How Uber ensures Apache Cassandra®’s tolerance for single-zone failure

Uber has been running an open-source Apache Cassandra® database as a service that powers a variety of mission-critical online transaction processing (OLTP) workloads for more than six years now at Uber scale, with millions of queries per second and petabytes of data. As Uber operates data centers in multiple zones across multiple regions, a Cassandra cluster at Uber typically has its nodes spread across multiple zones and regions. With high availability being essential for Uber’s business, we’d like to have Cassandra’s availability unaffected in the scenario of a single zone going down. This blog shows how we ensured the single-zone failure tolerance for Cassandra, and particularly how we converted the large Cassandra fleet in real-time with zero downtime from non-zone-failure-tolerant to single-zone-failure tolerant.
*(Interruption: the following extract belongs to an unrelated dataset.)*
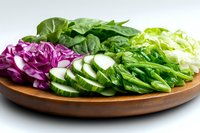 Fresh sliced vegetables on wooden plate including purple cabbage, cucumber, lettuce and green herbs arranged in rows for healthy eating and salad preparation.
SZFT: Single Zone Failure Tolerant

Cassandra naturally supports multiple copies of data. One of the biggest benefits of having multiple copies of data is high availability: if a minority of copies becomes unavailable, the majority of copies can still be accessed. When a Cassandra cluster is deployed across multiple availability zones, we would like to ideally have all the copies distributed evenly among the zones so that an impact to a zone does not impact user requests.

Figure 1: Single Zone Failure and Availability Impact.

Figure 1 illustrates the problem. In this example, the replication factor is 3. A data record is considered available when the majority of its copies are available. When zone 1 is down, data record 1 becomes unavailable because it loses the majority (two) of its copies. Meanwhile however, data record 2 is still available because it happens to have a minority (only one) of its replicas placed in the failed zone. If all data records had their replicas placed in the same way as data record 2 where the replicas are evenly distributed across the zones such that each zone contains only a minority of the copies, then the failure of any single zone would have no impact on the overall availability.

Cassandra inherently supports separating the replicas with a feature that logically groups the nodes. Replicas are then separated by the groups. The grouping is done via a file called cassandra-rackdc.properties.

In this feature, each Cassandra node is assigned with two properties: dc and rack. For example, a Cassandra node in region 1 would be configured as the following:

When the replication strategy is NetworkTopologyStrategy, within a dc, for any data record, Cassandra’s replica placement algorithm places replicas onto as many racks as possible. This is illustrated in the below figure:

Figure 2: The Desired Setup: Grouping the Nodes by Zone.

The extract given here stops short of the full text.